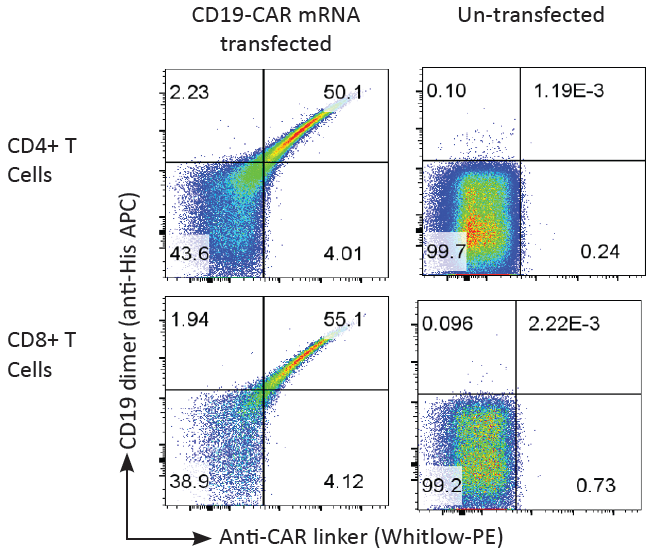 Anti-CD19 CAR-T flow cytometry data
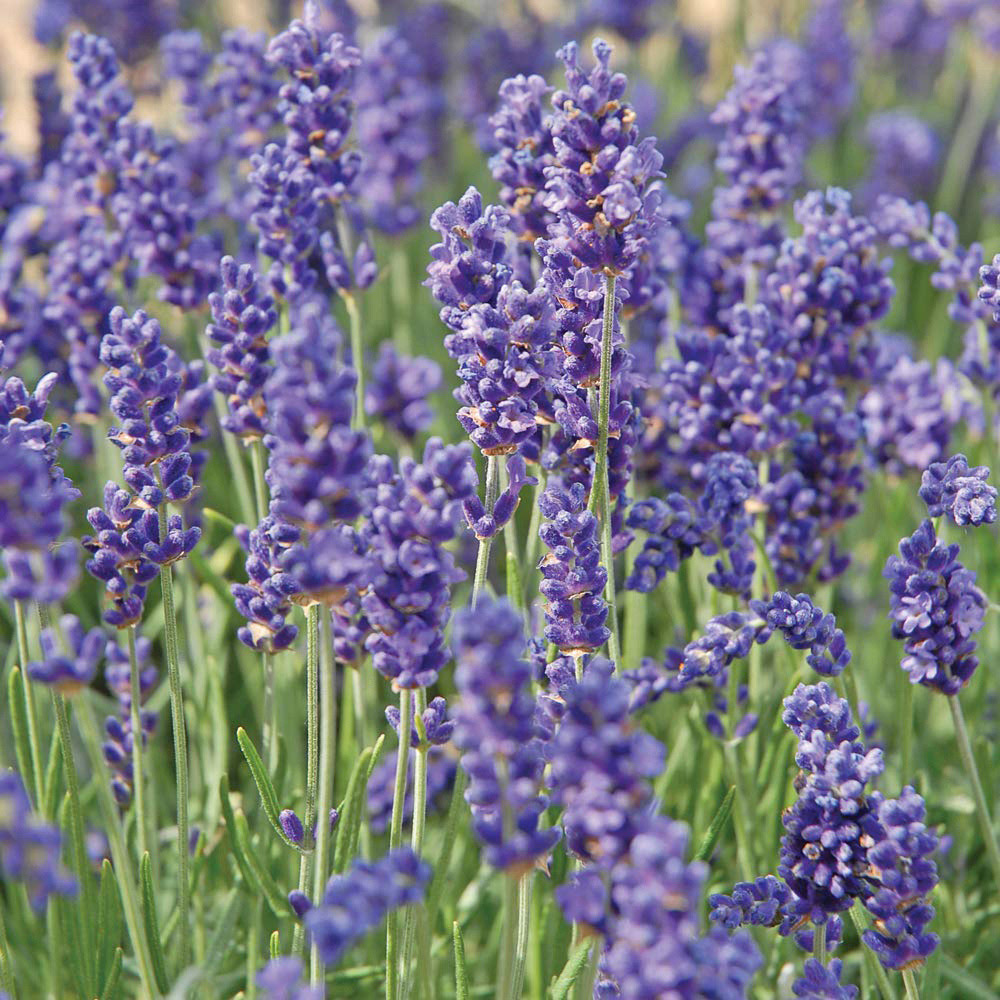 Thompson and Morgan Lavender Hidcote Plug Plant 12 Pack Image 2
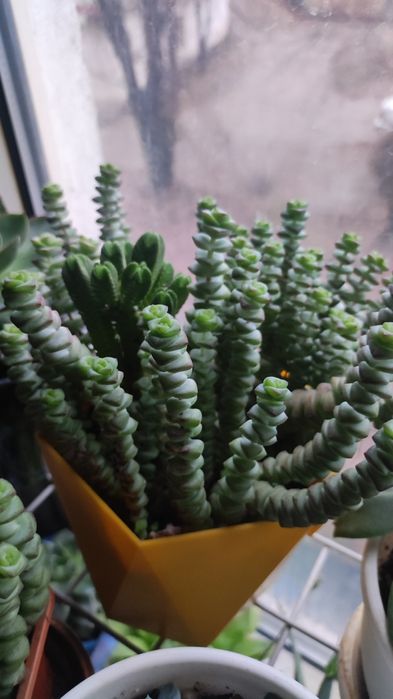 Суккуленты отростки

ACTION ITEM
Take the whole listing above and copy it exactly. Pictures do not go into the copy.

ANSWER SPACE
 Anti-CD19 CAR-T flow cytometry data
 Thompson and Morgan Lavender Hidcote Plug Plant 12 Pack Image 2
 Суккуленты отростки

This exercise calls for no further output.